La France veut accélérer sur l'IA, mais a-t-elle les moyens de ses ambitions ? Au lendemain du Sommet sur l'intelligence artificielle organisé à Paris, les grandes annonces sur le sujet se sont multipliées. Entre les déclarations du type "j'en étais" ou "j'ai joué un rôle", nombreux sont ceux qui cherchent à surfer sur la vague. Derrière ce tumulte médiatique, un seul et unique objectif : entretenir l'illusion du leadership français dans une technologie qui façonnera l'avenir.
Un Sommet IA qui ne reflète pas la vérité
En observant nos voisins d'Outre-Manche, le constat est sans appel : le Royaume-Uni s'impose comme le leader européen de l'IA, porté par un écosystème ultra-dynamique, une réglementation plus douce, davantage de startups, plus d’investissements et des formations tout aussi prestigieuses. Même l'Allemagne suit une trajectoire similaire en consolidant sa position d'outsider de l'intelligence artificielle.
Ce constat concerne uniquement les « petits joueurs » de l'IA que sont les pays européens face aux géants américains et chinois. De quoi largement relativiser l'engouement et le leadership français autoproclamé. La question n’est plus de savoir si la France a une carte à jouer, mais si elle est encore réellement assise à la table.
Suivre le mouvement ou tracer sa propre route ?
Malgré des chercheurs brillants, des formations d’élite et des pépites comme Mistral AI, la réalité est là : la France ne mène pas la course, elle la suit. Tout comme l’Inde, le Canada, l’Afrique du Sud et ses voisins européens, elle tente de se positionner dans un écosystème dominé par des puissances bien plus engagées.

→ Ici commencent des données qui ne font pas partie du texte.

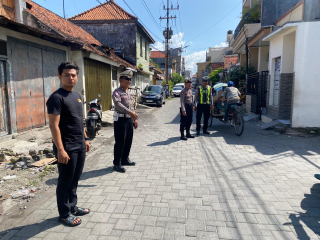 Patroli Harkamtibmas, Polsek Semampir Antisipasi Kerawanan di Jalan Petukangan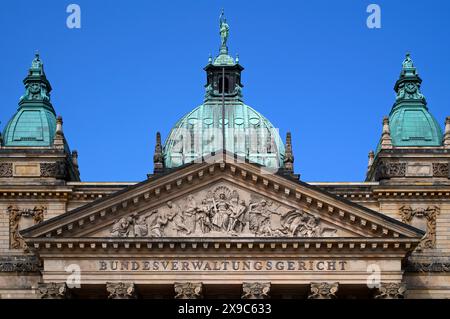 Lettering Federal Administrative Court under tympanum, ex Corte Imperiale di giustizia, Lipsia, Sassonia, Germania Foto Stock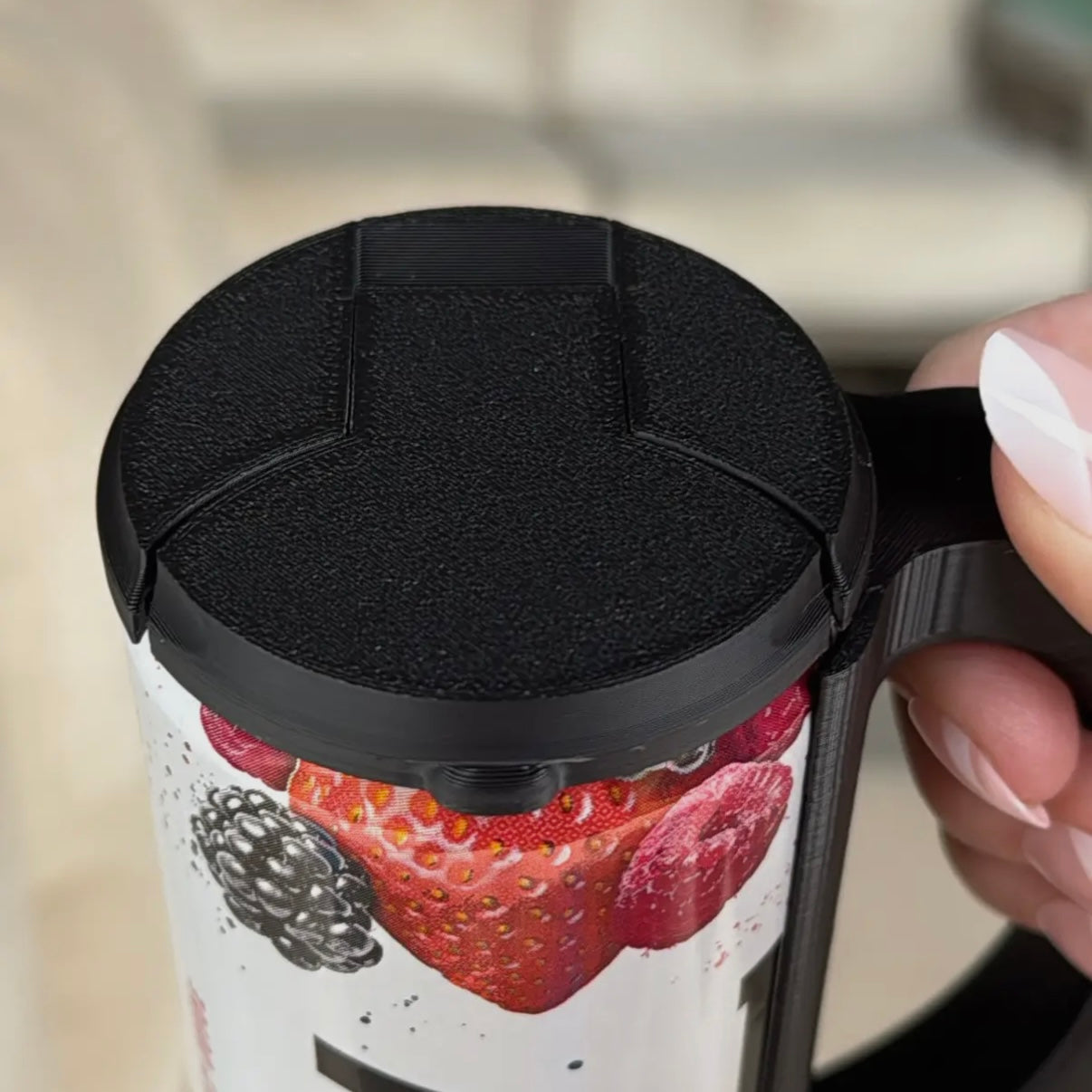 2 PIECE SET - THE "ORIGINAL SIPZEY" 12OZ SKINNY CAN HOLDER *HANDLE* & MATCHING SKINNY CAN *LID* MADE IN USA!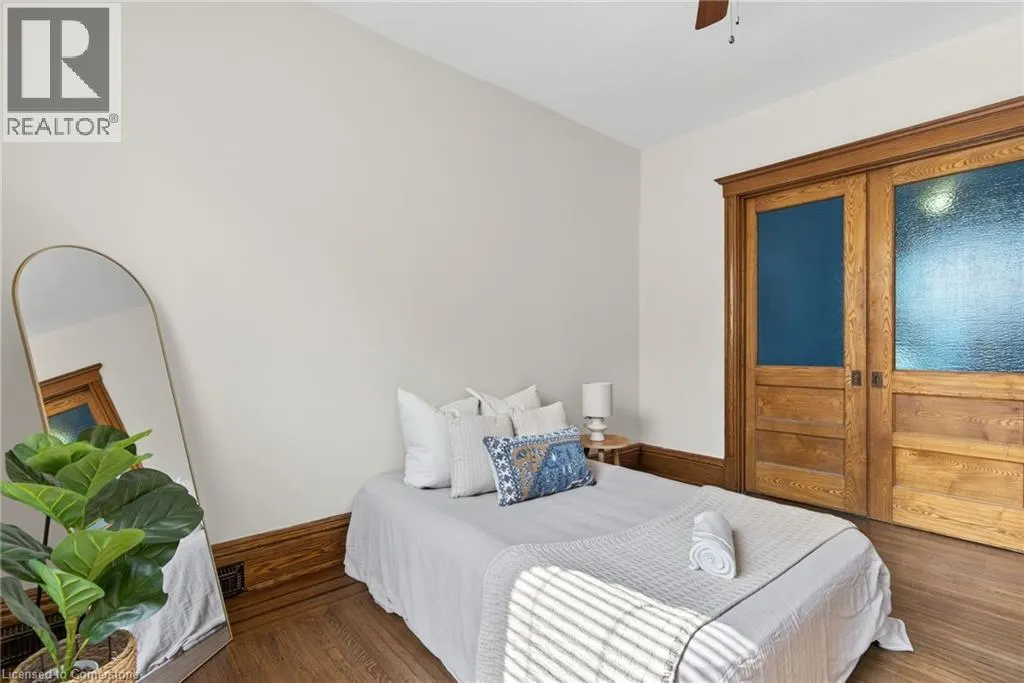 84 RAY Street S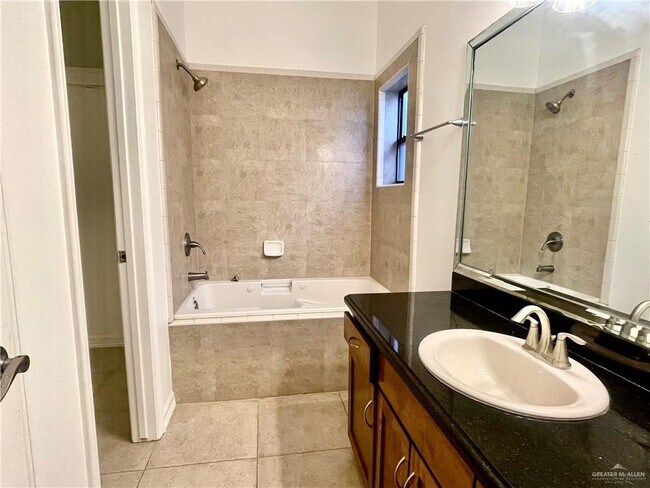 Building Photo - 2805 Mimosa St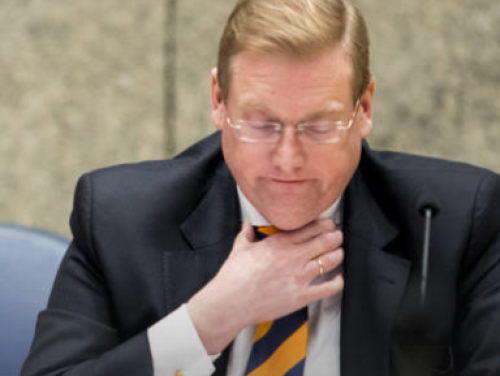 Den Haag Vandaag: Van der Steur stapt op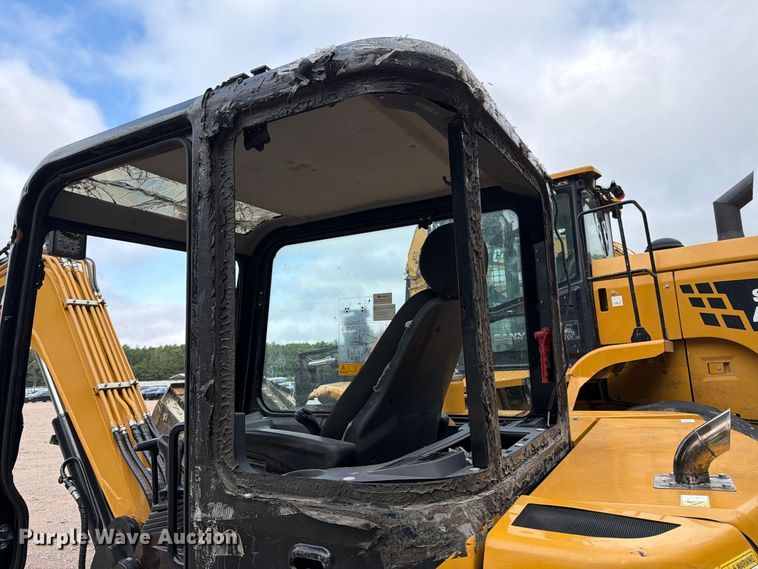 image for item YA4722 2022 Sany SY60C mini excavator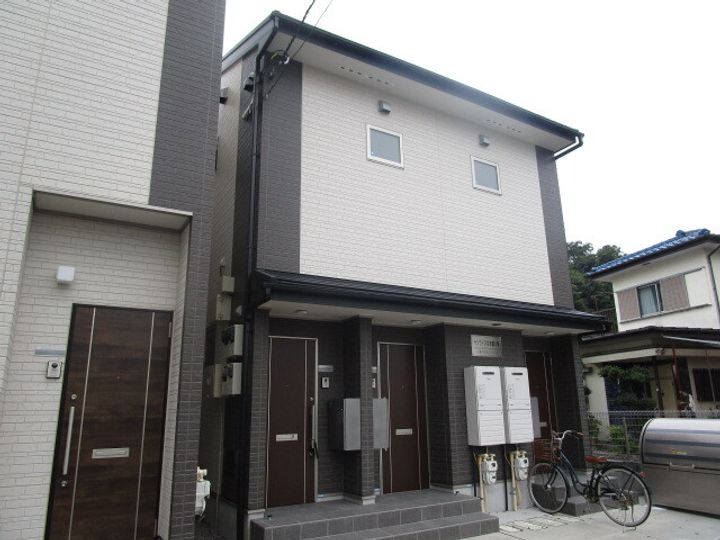 サンライズ百草園Aの外観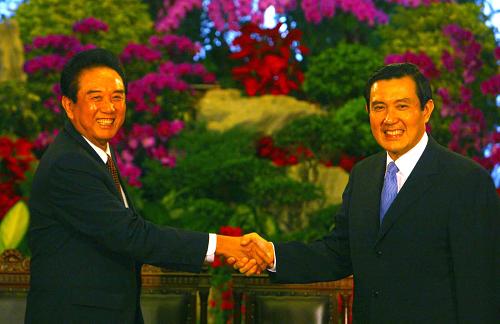 11月6日,馬英九在臺(tái)北賓館會(huì)見海協(xié)會(huì)會(huì)長(zhǎng)陳云林。新華社記者 邢廣利 攝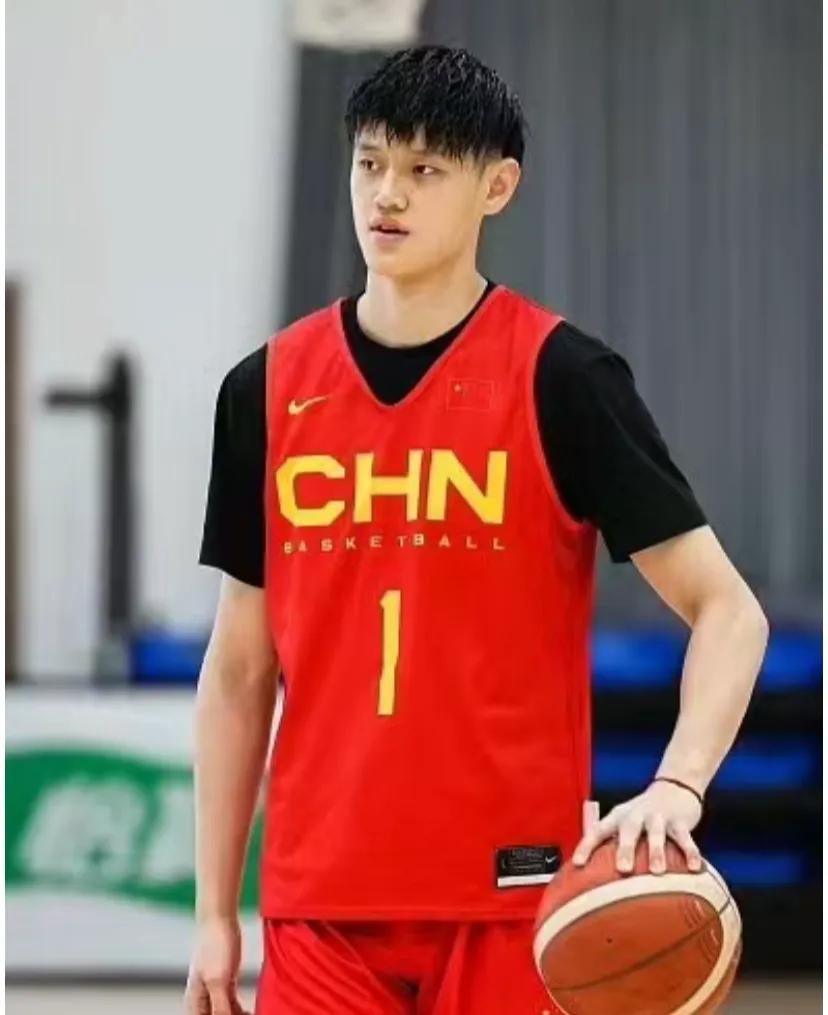 中国男篮名单裁减3人，14人出征德国超级杯
据北青报发出来的消息，中国男篮有三名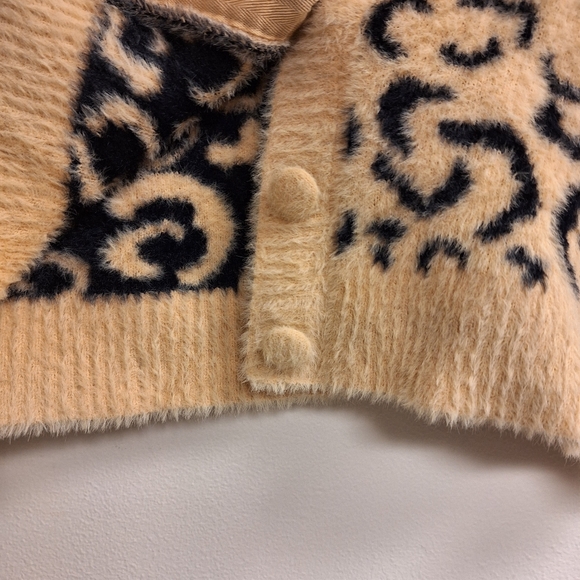 For Love and Lemon's Frankie Animal Leopard Print Knit Crop Cardigan Sweater - Picture 6 of 6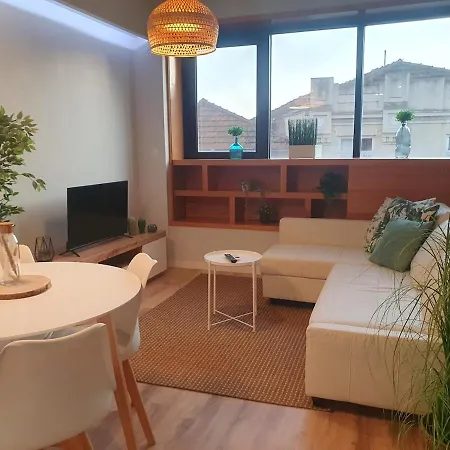 Charming In The Heart Of Historic Apartment *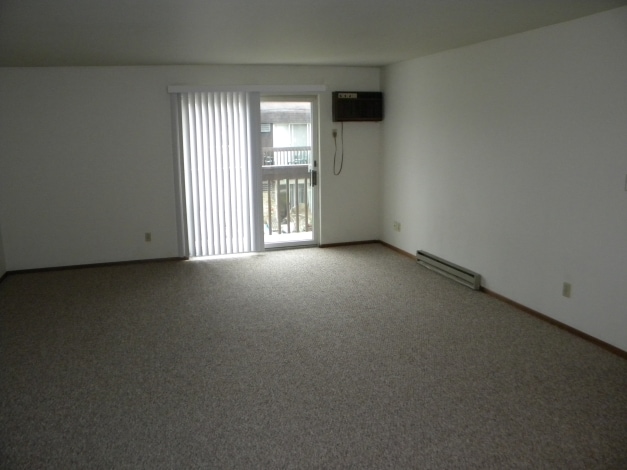 Building Photo - 822-824 Weslyn Ct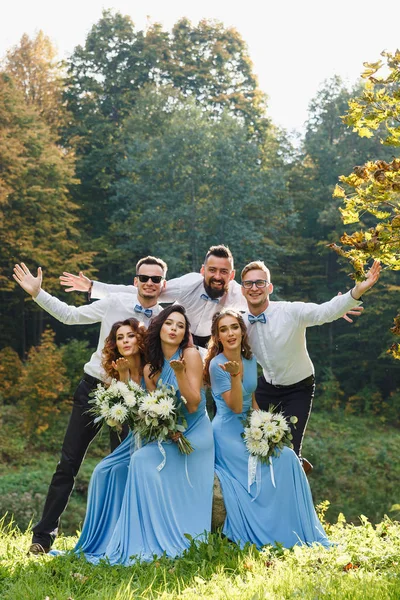 Groomsmen en bruidsmeisjes — Stockfoto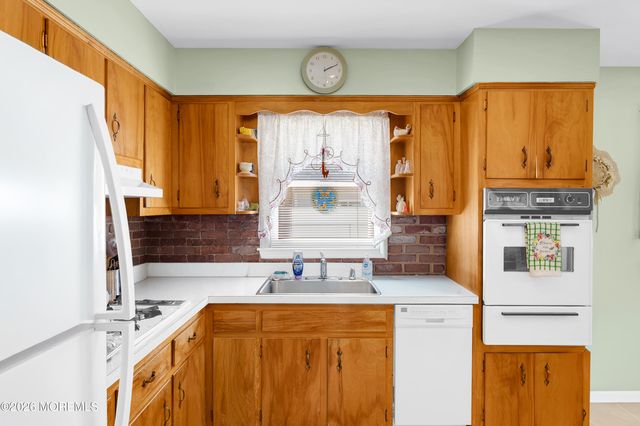 558 Pennsylvania Avenue, Brick, NJ 08724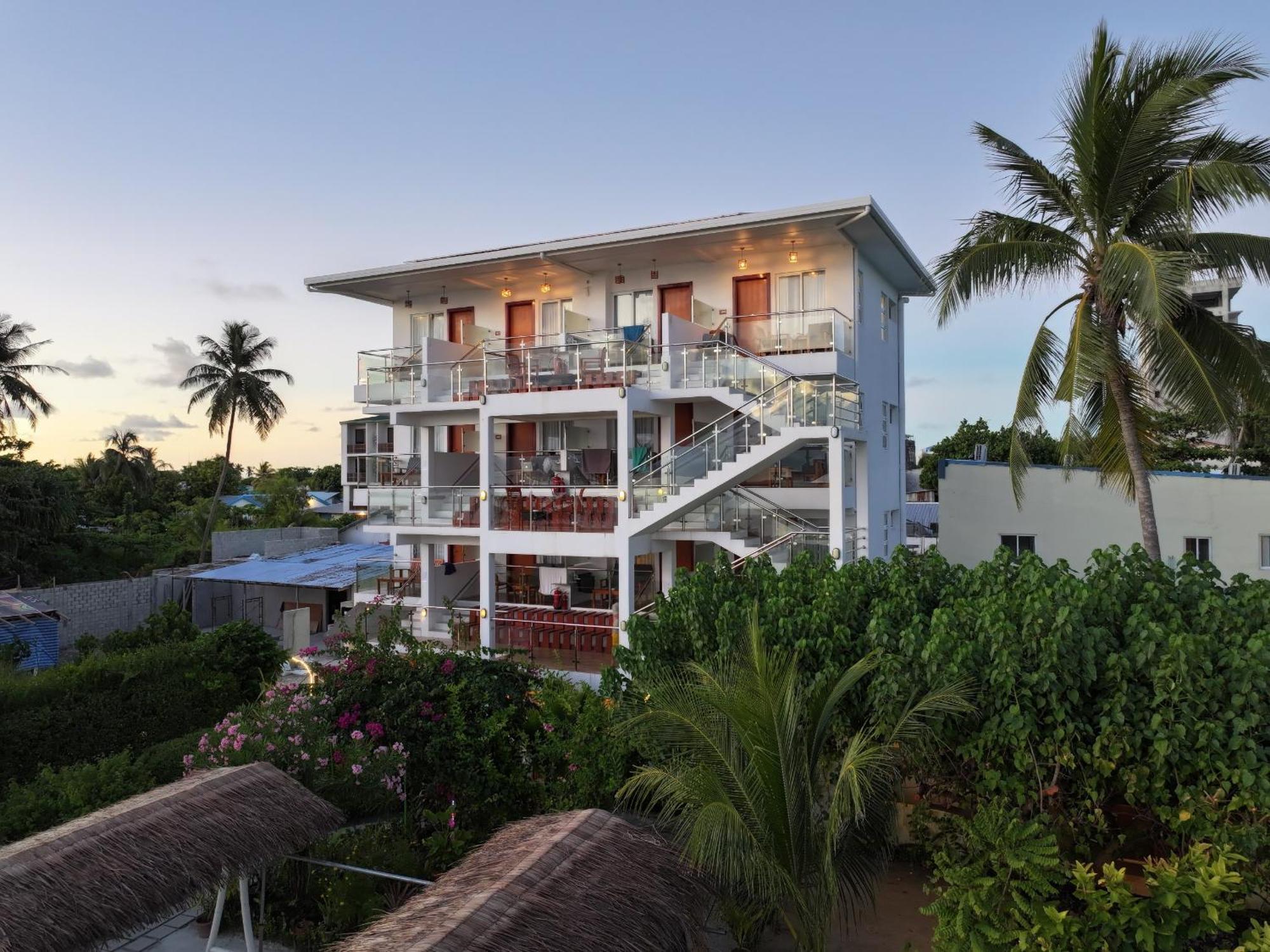 Reef Edge Thulusdhoo, Maldives Hotel Luaran gambar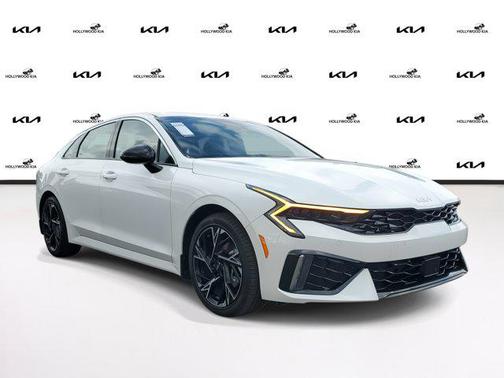 2025 Kia K5 GT-Line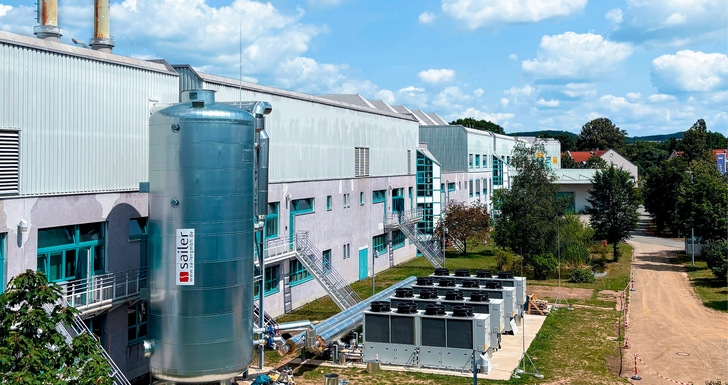 Eine Großwärmepumpen-Anlage von Enerblue wird für die klimafreundliche Wärmeversorgung einer Instandhaltungs-Werkhalle eingesetzt.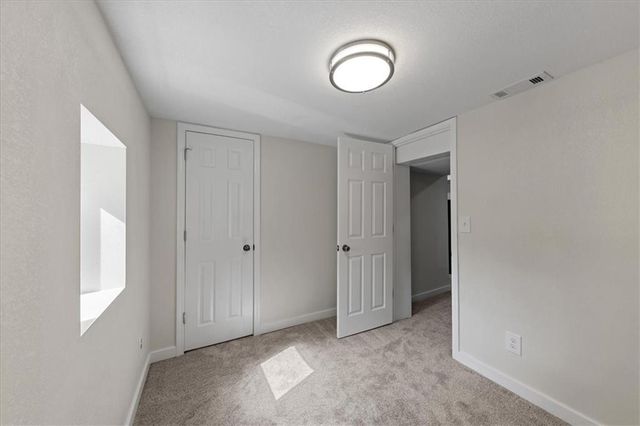 12107 Henry Street, Sugar Creek, MO 64054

L’investissement record de 109 milliards d’euros, annoncé par Emmanuel Macron, est une avancée significative. Mais il doit être mis en perspective avec les centaines de milliards annuels engagés par le projet Stargate et par la Chine, qui façonnent déjà l’avenir de l’intelligence artificielle.
Par ailleurs, la question de la souveraineté nationale demeure. Le plan français prévoit certes l’installation de datacenters sur le territoire, mais financés par des fonds émiratis, canadiens et américains pour la plupart. Si ces investissements renforcent les infrastructures tricolores, ils ne réduisent en rien la dépendance aux composants et aux logiciels étrangers.
Pourquoi construire des datacenters en France si c'est pour faire tourner des licences Open AI avec des puces Nvidia ?
La France a l'ADN de la rupture, mais pas celui du risque
Si la France veut jouer un rôle clé dans l’intelligence artificielle, elle ne peut pas se contenter d’accompagner les tendances. Or, les choix d’aujourd’hui façonnent les succès de demain. L’innovation de rupture ne naît pas de ceux qui optimisent les modèles existants, mais de ceux qui osent faire autrement, voire de faire mieux en repartant de zéro...
Les Français ont toujours su se démarquer par leur capacité à trouver des alternatives. L’ADN national est fait d’ingénierie, de sciences et d’innovations disruptives, un terreau fertile pour les grandes ruptures technologiques. Mais innover réellement implique d'oser prendre des risques et d'accepter un taux d'échec élevé. Trop souvent, nos décideurs publics ont privilégié la prudence à l’audace, l’optimisation à la rupture.
L'avenir de l'intelligence artificielle ne repose pas uniquement sur la puissance de calcul brute, un domaine où les États-Unis et la Chine ont déjà une avance considérable. Les besoins futurs exigent bien plus : des approches radicalement disruptives, capables de sauter des générations technologiques plutôt que d’essayer de combler un retard déjà structurel.
La question n’est plus de savoir si la France peut rattraper son retard. Elle doit trouver une nouvelle trajectoire et changer les règles du jeu.